» WHAT IS BEING ASKED:
Repeat only what runs from the line with "Blanket 150x200 Esten" through the last line of the data below, both included, keeping every word as it is and leaving out the pictures.

» COLLECTED DATA:
*-*-*

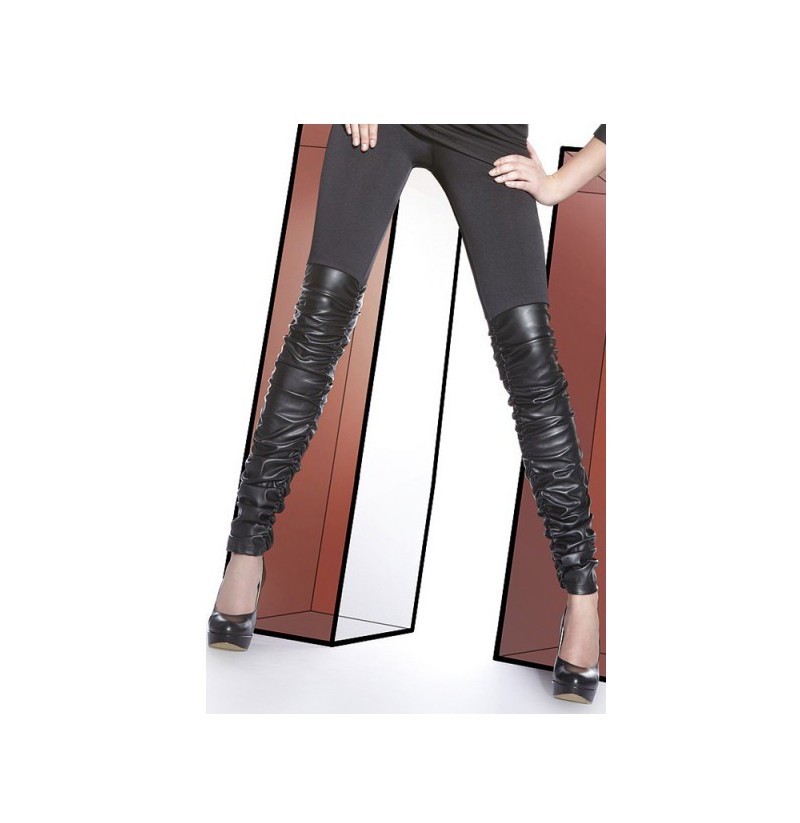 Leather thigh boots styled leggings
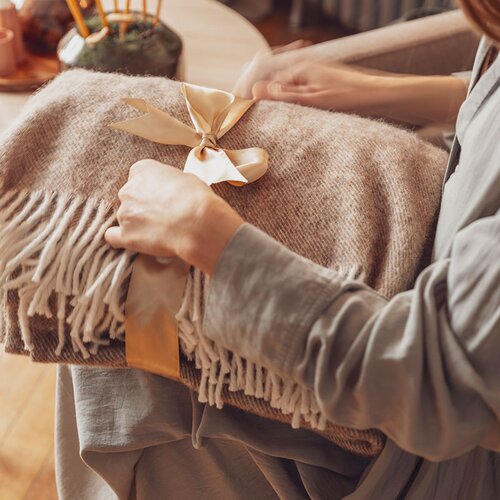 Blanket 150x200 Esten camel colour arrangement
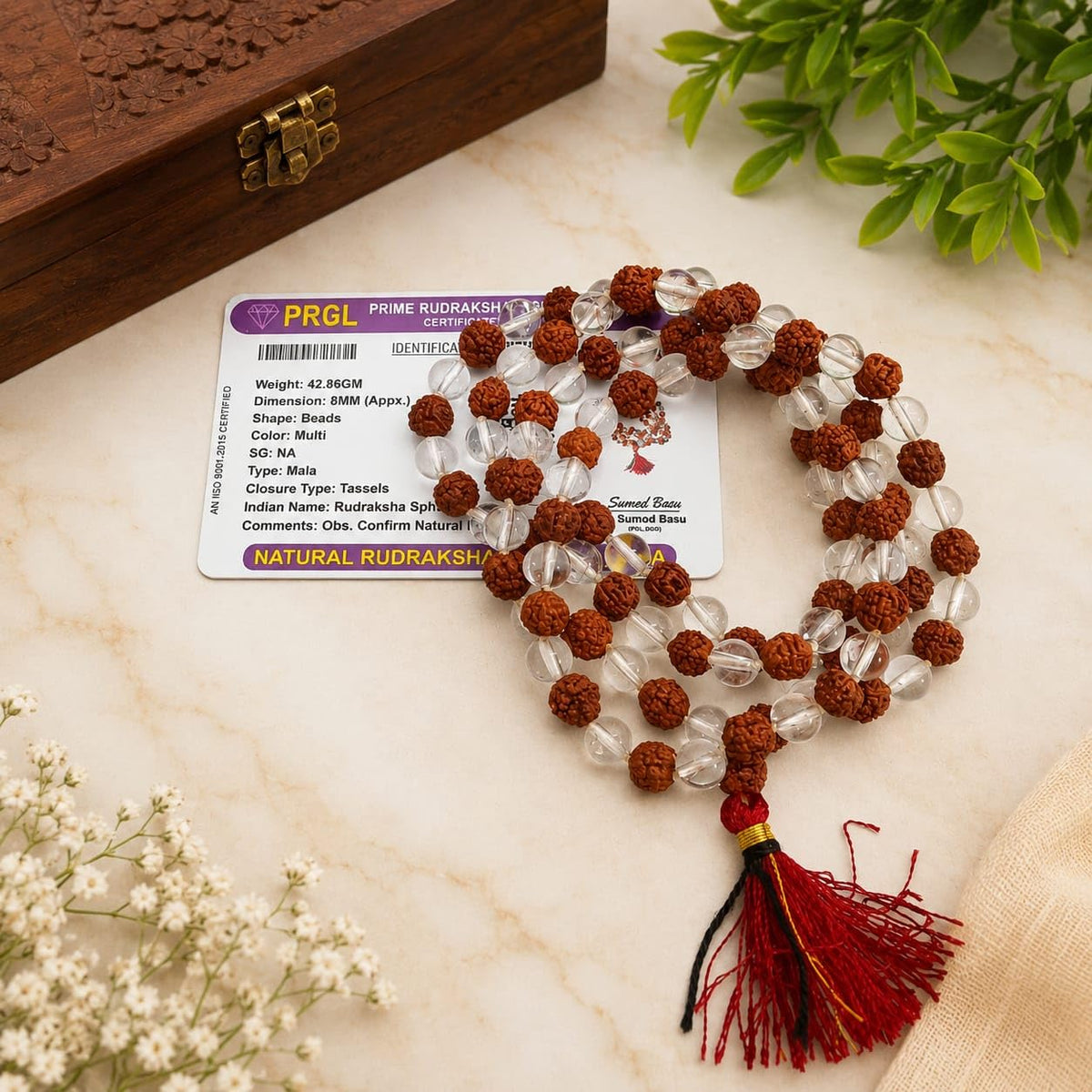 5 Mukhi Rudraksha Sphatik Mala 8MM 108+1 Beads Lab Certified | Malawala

*-*-*

» SOLUTION FOR THIS TASK:
 Blanket 150x200 Esten camel colour arrangement
 5 Mukhi Rudraksha Sphatik Mala 8MM 108+1 Beads Lab Certified | Malawala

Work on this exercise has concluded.